TASK OBJECTIVE: The reply should hold only the lines from the one with "Mustard Banarasi Georgette" through the end of the data, each given exactly.

COLLECTED MATERIAL:

[Start of Attachment]

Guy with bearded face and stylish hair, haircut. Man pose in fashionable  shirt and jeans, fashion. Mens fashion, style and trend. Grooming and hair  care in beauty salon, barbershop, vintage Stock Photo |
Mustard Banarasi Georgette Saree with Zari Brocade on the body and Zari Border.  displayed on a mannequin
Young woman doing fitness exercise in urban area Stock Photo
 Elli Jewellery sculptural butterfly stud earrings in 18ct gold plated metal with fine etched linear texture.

[End of Attachment]

RESULT OF THIS EXERCISE:
Mustard Banarasi Georgette Saree with Zari Brocade on the body and Zari Border.  displayed on a mannequin
Young woman doing fitness exercise in urban area Stock Photo
 Elli Jewellery sculptural butterfly stud earrings in 18ct gold plated metal with fine etched linear texture.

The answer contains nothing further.